Les mesures Bart Test ont confirmé cette présence de bactéries dans les eaux de rinçage
du lave endoscope.
[0131] Ces essais permettent de conclure que la solution de trempage suivant l'invention
assure le décrochage des bactéries dans le lave endoscope, ce qui permet d'assurer,
par la suite, un meilleur nettoyage des endoscopes, le lave endoscope ne constituant
plus une source de contamination.
c) analyses de la présence de biofilm suite à la troisième étape
[0132] Suite au nettoyage avec la solution de trempage suivant l'invention, des endoscopes
préalablement mis à blanc (selon la première étape) dans un lave endoscope préalablement
mis à blanc (selon la deuxième étape) et à une désinfection (Soluscope D), des analyses
bactériologiques de l'eau de rinçage du lave endoscope et des endoscopes ont été réalisées
par étalement sur milieu de culture et par mesures Bart Test.

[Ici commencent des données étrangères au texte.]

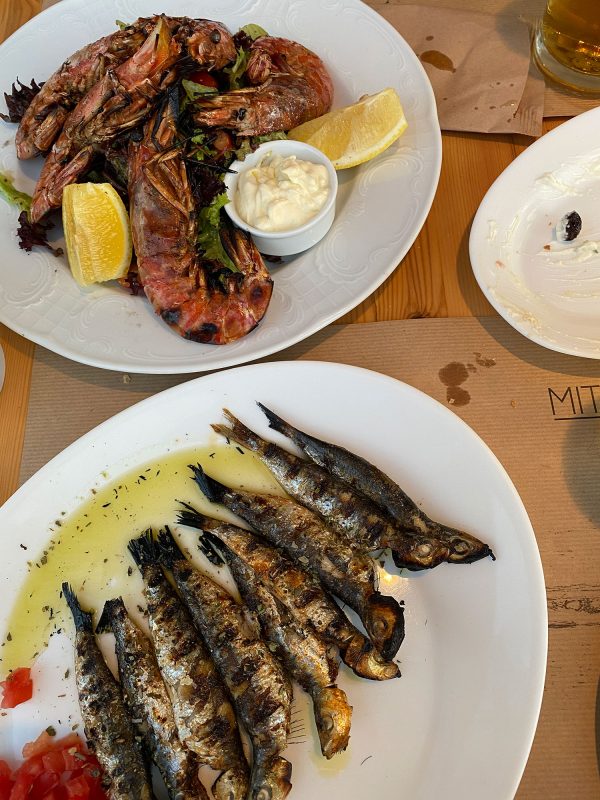 Rejseguide Agia Marina, Mitsos restaurant sea food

[0133] Des colonies bactériennes ont été dénombrées dans l'eau de rinçage suite au nettoyage
des endoscopes avec la solution selon l'invention (colonies rouges, 32 CFU/150µl).
Les bactéries formant ces colonies ont été identifiées comme étant des Staphylococcus
aureus. Les mesures Bart Test ont également indiqué la présence de bactéries dans
l'eau de rinçage.
[0134] Ceci indique que la solution de trempage suivant l'invention permet de décrocher
des bactéries encore présentes dans les endoscopes et/ou dans le lave endoscope même
lorsqu'ils ont été préalablement mis à blanc.
[0135] L'analyse des endoscopes, par écouvillonnage et étalement des écouvillons obtenus
sur boites de pétri, n'a pas permis de mettre en évidence la présence de bactéries.
Par contre, les mesures Bart Test ont révélé la présence de bactéries au niveau des
endoscopes même après lavage avec la solution de trempage suivant l'invention.
[0136] Il est bien entendu que la présente invention n'est en aucune façon limitée aux formes
de réalisations décrites ci-dessus et que bien des modifications peuvent y être apportées
sans sortir du cadre des revendications annexées.